On the functorial homology of Abelian groups (Q1124972)

A functorial filtration on the integral homology of an Abelian group \(B\) such that the associated graded pieces are the values at \(B\) of the left derived functors \(L_i\Lambda^j(-,0)\) of the exterior algebra functors \(\Lambda^j\) is constructed. It is shown that \(L_i\Lambda^j(B,0)\) is isomorphic to the group of elements in \(\text{Tor}_i(B,\underset {j}\ldots,B)\) which are anti-invariant under the natural action of the symmetric group \(\Sigma_j\). A presentation of particular interest is given for the groups \(L_{i-1}\Lambda^j(B,0)\) which are natural generalizations of the group \(\Omega B\) introduced by Eilenberg-MacLane. Finally, this is illustrated by a functorial description of the integral homology in degrees \(\leq 5\) of an Abelian group \(B\) which sheds a new light on some computations of \(H_i(B)\) made by Hamsher for all \(i\). Here are some of the main results: Theorem 4.7. For each \(q>0\) and for all integers \(i\), the map \(L_ij_B^q\colon L_i\Lambda^qB\to\text{Tor}_i(B,\ldots,B)\) induced by \(L_ij_B^q\colon L_i\Lambda^qB\to B\otimes_L\cdots\otimes_LB\) is injective and determines an isomorphism \(L_i\Lambda^qB\to\text{Tor}_i(B,\ldots,B)^{\Sigma_q^\varepsilon}\) between \(L_i\Lambda^qB\) and that portion of \(\text{Tor}_i(B,\ldots,B)\) which is anti-invariant under the permutation action of the symmetric group \(\Sigma_q\).
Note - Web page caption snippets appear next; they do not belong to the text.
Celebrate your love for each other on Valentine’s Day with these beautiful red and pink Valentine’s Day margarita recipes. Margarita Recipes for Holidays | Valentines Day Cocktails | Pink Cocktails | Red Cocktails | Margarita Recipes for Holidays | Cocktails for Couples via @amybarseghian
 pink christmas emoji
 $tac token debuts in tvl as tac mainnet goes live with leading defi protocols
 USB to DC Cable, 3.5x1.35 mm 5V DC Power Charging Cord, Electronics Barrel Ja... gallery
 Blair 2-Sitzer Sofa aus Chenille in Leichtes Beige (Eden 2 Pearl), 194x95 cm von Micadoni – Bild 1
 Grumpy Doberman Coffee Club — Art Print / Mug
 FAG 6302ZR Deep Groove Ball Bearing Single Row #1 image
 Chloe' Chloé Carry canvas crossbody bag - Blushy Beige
Theorem 5.12. For every integer \(q>0\), the map \(\lambda^q\) is an isomorphism onto the torsion part of \(L_{q-1}\Lambda^q(B,0)\). Furthermore, \(\lambda^q\) induces for every \(\nu\) an isomorphism \(\lambda^q\colon\lim_{J_k}\Gamma_q(_nB)\to_\nu\Omega_qB\) between the corresponding limit over the full subsystem \(J_\nu\) of \(J\) in which all integers \(s\) and \(n\) divide \(\nu\), and the \(\nu\)-torsion subgroup of \(\Omega_qB\).